=== Section Start ===
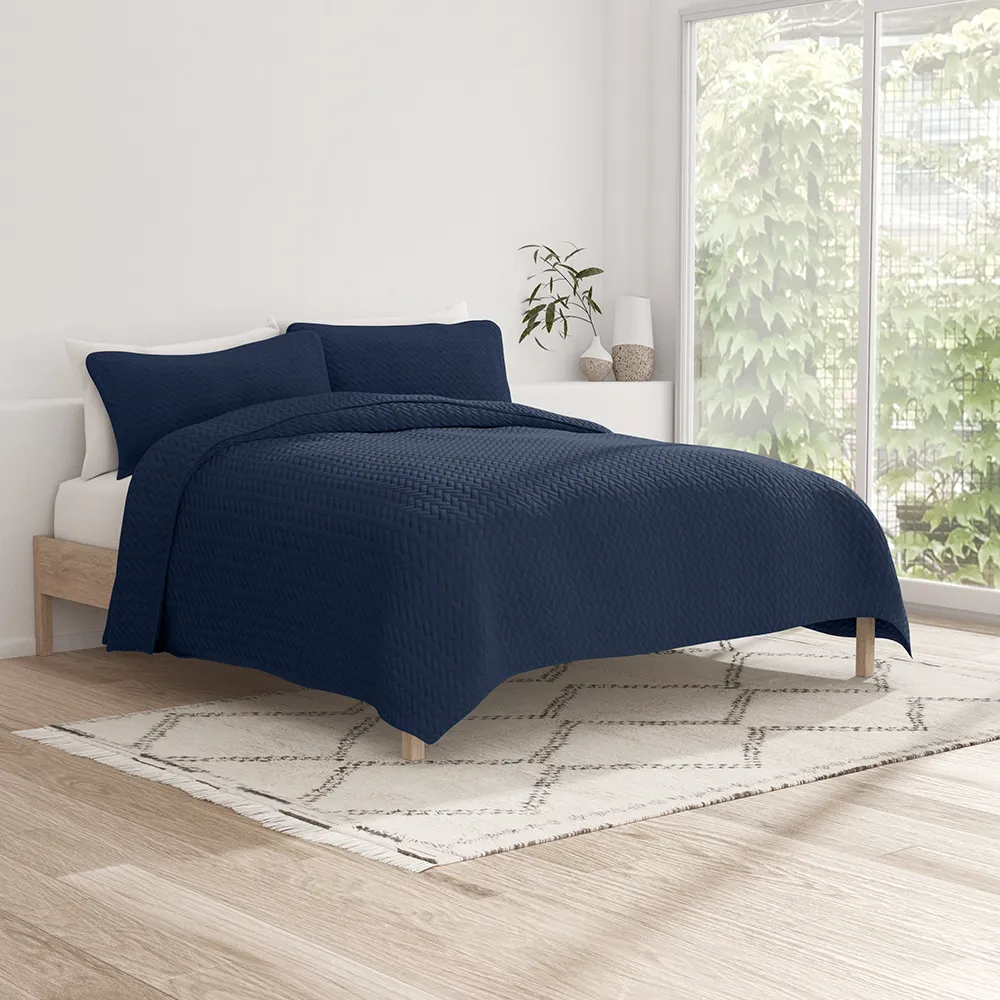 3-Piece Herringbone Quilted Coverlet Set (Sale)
=== Section End ===
=== Section Start ===
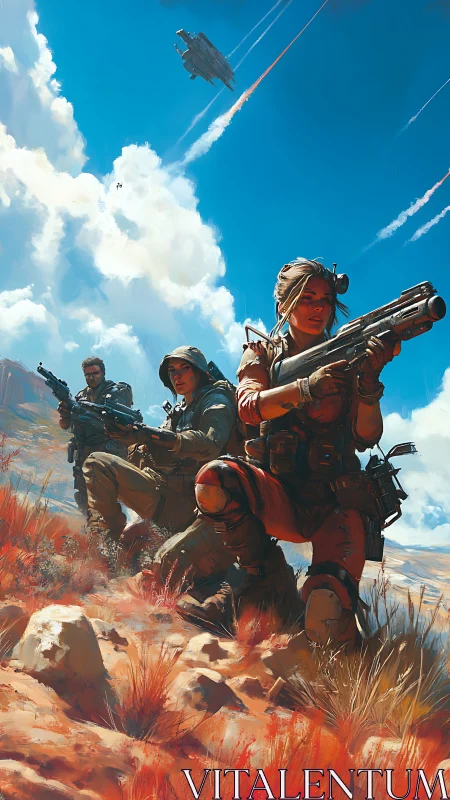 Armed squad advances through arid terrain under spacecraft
=== Section End ===
=== Section Start ===
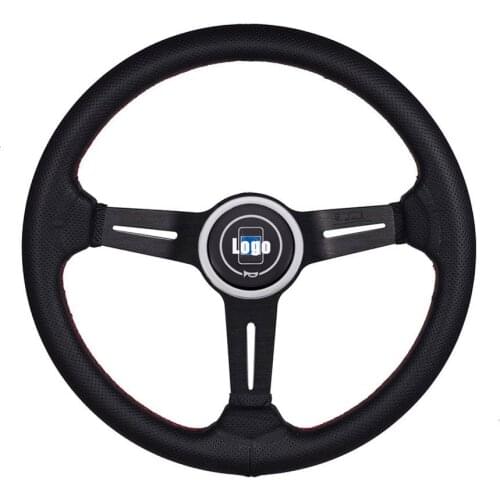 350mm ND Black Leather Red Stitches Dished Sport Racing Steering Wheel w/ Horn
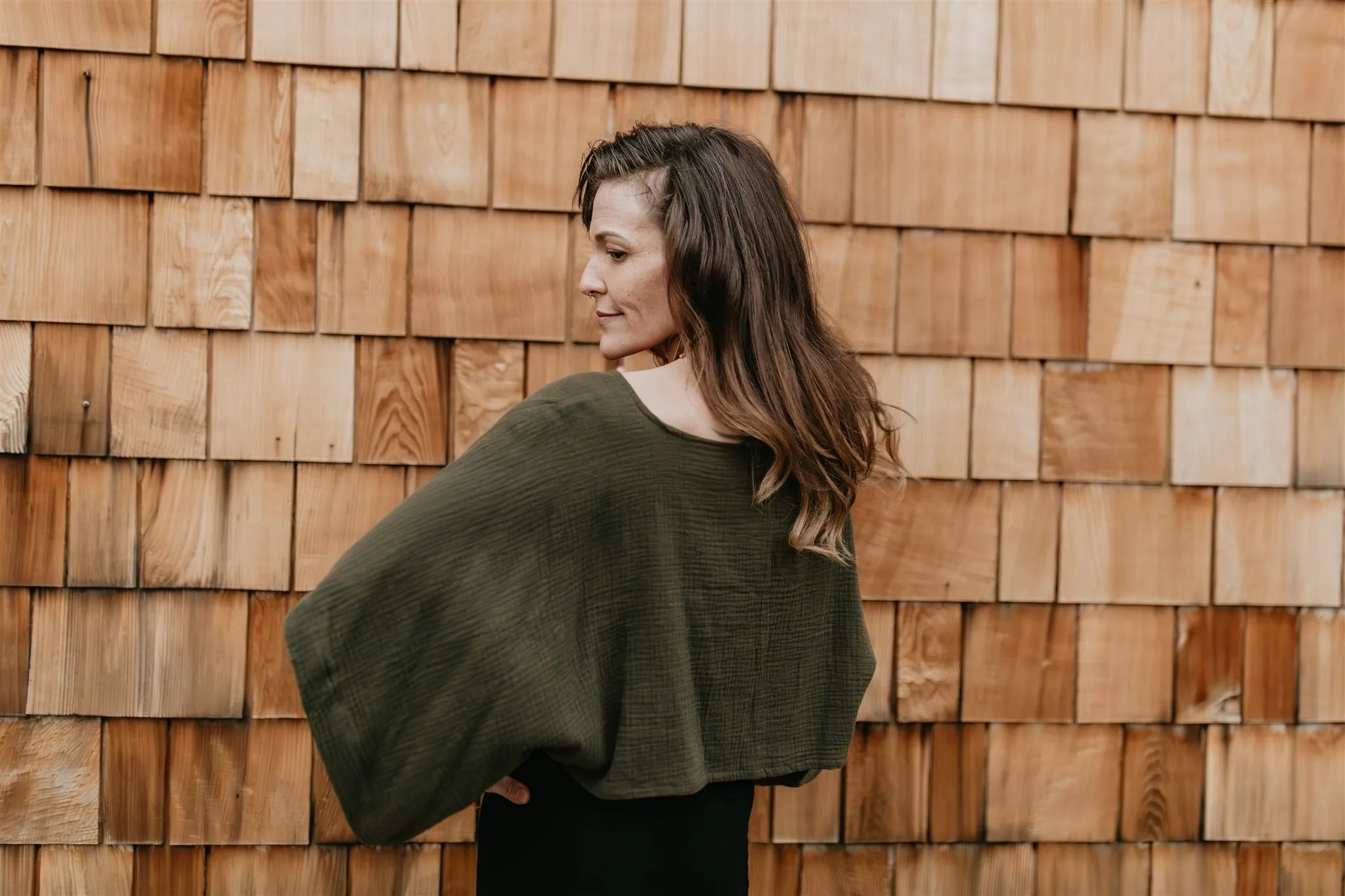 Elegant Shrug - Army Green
=== Section End ===
▶ _What you have to do_
In the data above, start at the line holding "350mm ND Black" and stop after the line holding "Elegant Shrug - Army Green"; write out those lines exactly, without pictures.

▶ _Result of this exercise_
 350mm ND Black Leather Red Stitches Dished Sport Racing Steering Wheel w/ Horn
 Elegant Shrug - Army Green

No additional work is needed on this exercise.